Town plan, piano della città!“, spiega la maestrina d’inglese che è in me.
Emma, frenetica, ha già zoomato su un’altra pagina: “La stazione di polizia! Qui fanno le foto segnaletiche…guarda qui rinchiudono i ladri, c’è anche wanted…è bellissimo. Ho deciso di chiederlo a Babbo Natale”.
Prima di rispondere guardo il prezzo: 149 euro. Alla faccia.
“Non so se gli elfi di babbo Natale sappiano costruire anche il Lego”, commento, sperando in una via d’uscita.
“Si può anche ordinare on-line”, continua Emma la furba, imperterrita.
“Mamma, guarda ho fatto la parure“, arriva Anita e mi mostra un abitino da cocktail taglia minimea abbellito da nastri e paillettes. Con borsina uguale e abbinata.

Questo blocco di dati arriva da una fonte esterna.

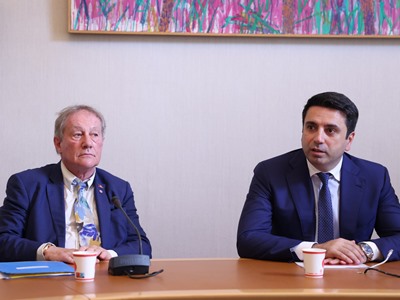 France senators to Alen Simonyan: Ongoing negotiation process with Armenia not deterrent factor for Azerbaijan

La mia primogenita si è gettata nell’ haute couture. Da ieri. Grazie a questo libro che insegna a fare vestiti, ha iniziato una produzione a cottimo. Nei modelli da ritagliare ci sono anche i nomi in francese e Anita si sta trasformando in un St.Laurent stakanovista.
“…oppure dici che è meglio chiedere a Babbo Natale la stazione dei vigili del fuoco?”
“…o l’aereoporto? E’ bellissimo!” , Emma è una bambina di grandi passioni, compulsiva e monotematica.
Nessuno le risponde ma lei continua a fare domande.
“…tu cosa mi consigli? E se prendessi solo l’autolavaggio?”
“Mamma cos’è la pochette?”, mi incalza Anita Gaultier. ” E il bustier?”
Abbandono le bambine al loro destino e vado a fare un massaggio di reflessologia plantare.
Con una terapeuta che non sa niente di me.
Appena finito mi chiede: “Lei ha avuto problemi alla nascita?”
La domanda mi coglie impreparata, cerco di rispolverare questa presistorica memoria.
“Ero podalica e mi hanno tirato fuori senza cesareo e senza forcipe…pare che il ginecologo fosse un Dio…”, cerco anche di giustificarmi.
“C’è ancora traccia del trauma”, mi spiega la reflessologa.
Annuisco stupita e forse comincio a capire molte cose. Sono uscita con il piede sbagliato…

Swinging Lego

Seratina da teen-agers guardando video su youtube (con mia supervisione on and off).
Anita, con aria esperta, davanti a un Freddie Mercury fai-da-te: “Questo è gay!”
Allarmata, ho chiesto: “Ma papà ha messo il parental control?”
Emma: “Siiiiì, mamma…”
“?????” e ho incrociato le dita.
Alla fine abbiamo trovato questo filmato imperdibile di un geniale ventenne giapponese.
A Emma è piaciuto molto perchè ha riconosciuto in George Harrison un omino di Lego che ha anche lei, vestito con l’abito del pilota d’aereo.